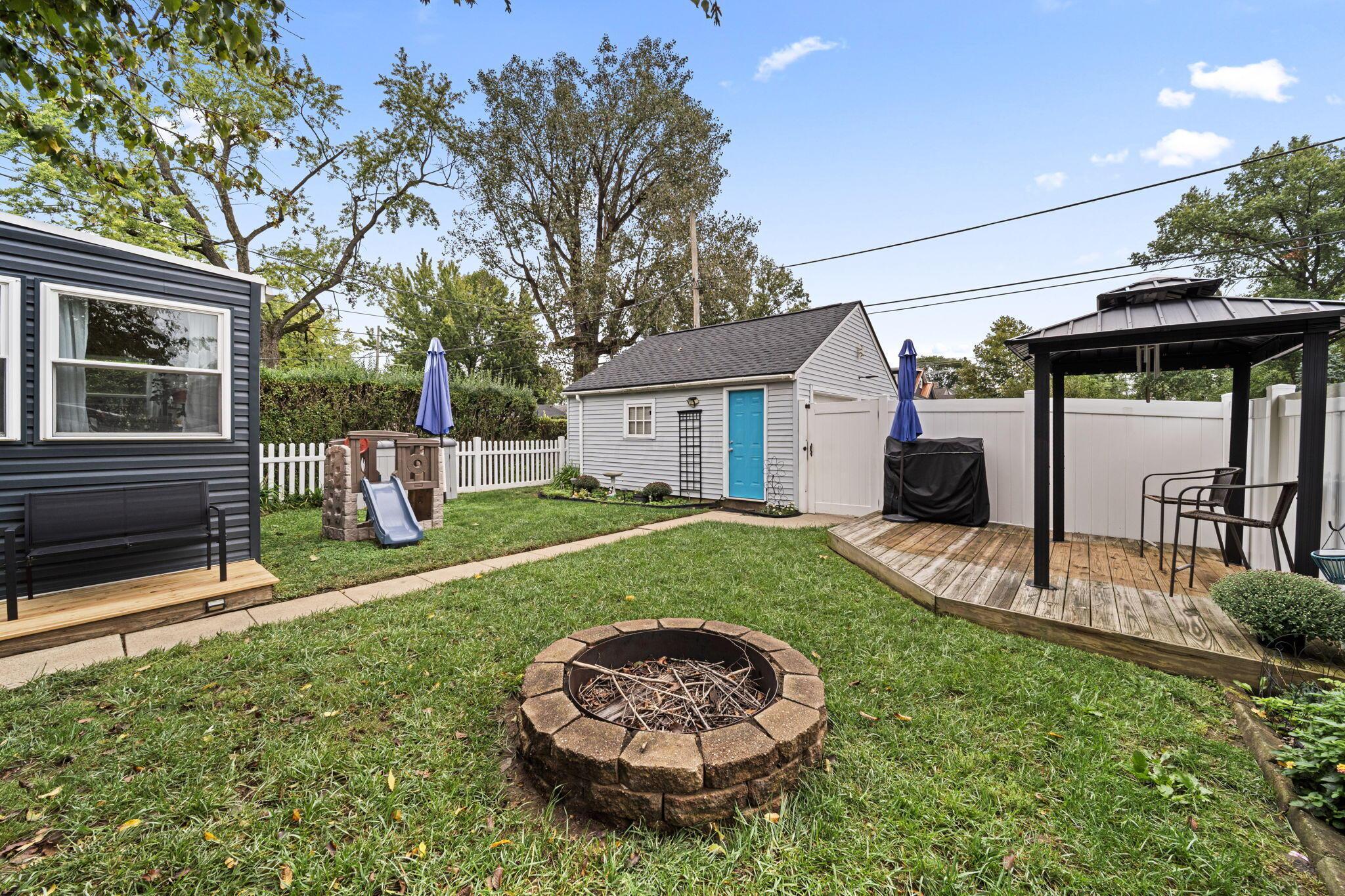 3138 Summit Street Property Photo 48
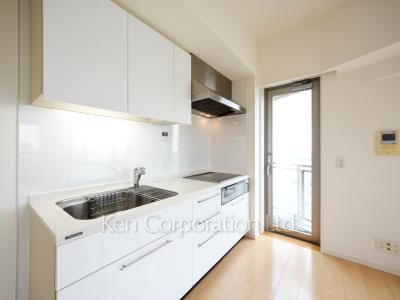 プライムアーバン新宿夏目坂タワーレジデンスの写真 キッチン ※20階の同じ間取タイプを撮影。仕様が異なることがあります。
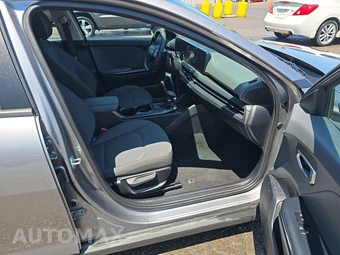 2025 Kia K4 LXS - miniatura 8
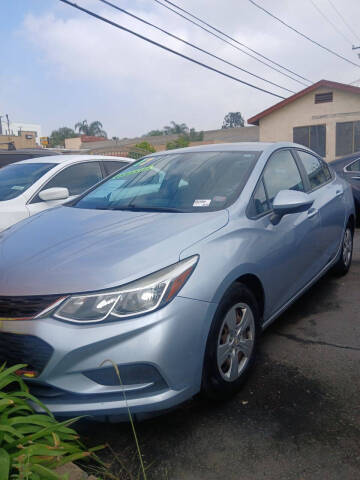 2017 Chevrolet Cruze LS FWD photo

- [What the task requires]: Without including any pictures, reproduce the listing exactly.

- [Solution below]:
 3138 Summit Street Property Photo 48
 プライムアーバン新宿夏目坂タワーレジデンスの写真 キッチン ※20階の同じ間取タイプを撮影。仕様が異なることがあります。
 2025 Kia K4 LXS - miniatura 8
 2017 Chevrolet Cruze LS FWD photo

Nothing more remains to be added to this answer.